The day after driving up to Nantes, we headed to Dinan, a small town in Brittany! It was cold and gray, but Dinan was really pretty and French-y, it kind of reminded me of Saint-Émilion. It was really empty, except for, oddly enough, a lot of runners, which was weird because French people don't run that much, but like half the people we saw in the street were running! And it was freezing too, so not exactly jog-inspiring weather. Cést fou!

We went on the Rick Steves self-guided walking tour, from his France book, which my dad downloaded. It was a good way to see all the major spots. Dinan is known for having a lot of old medieval houses, which all have the upper floors jutting out over the first floor. The Rickster informed us that this is because back then, taxes were based on the square footage of the ground floor, so people would try to make their ground floor compact and then build out. Plus, shopkeepers could sell their goods under the overhang of their upstairs floors. I was really impressed that all these buildings from medieval times were still standing! Most of them are souvenir shops or restaurants now.

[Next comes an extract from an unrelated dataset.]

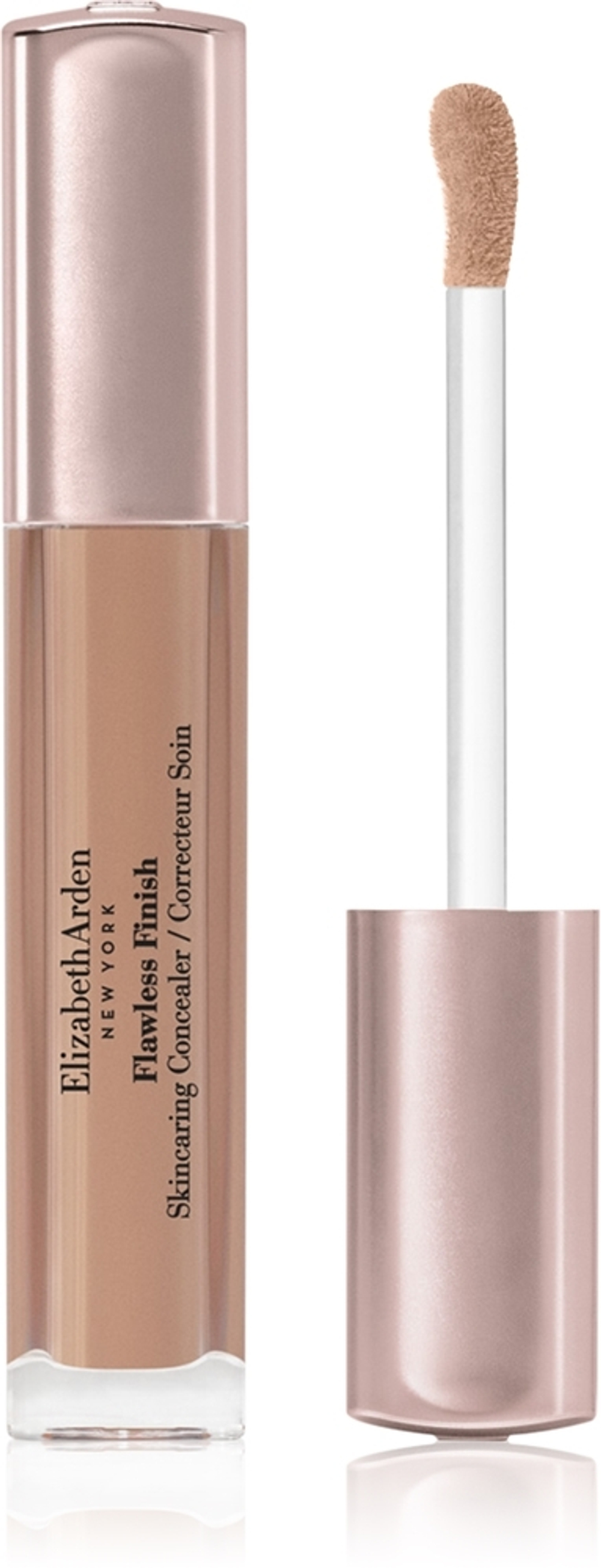Elizabeth Arden Flawless Finish Skincaring Concealer - стойкий консилер, 5,9 ml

We also walked along the ramparts that surround the town, which gave us a great view of the town center on one side and the river below on the other side. There were also some abstract metal sculptures along the wall, which were cool but seemed a little out of place.








Next, we headed to the Basilisque Saint-Saveur, which was built all the way back in the 12th century! The basilica is in really good condition, and all the Christmas decorations and the manger scene were still up.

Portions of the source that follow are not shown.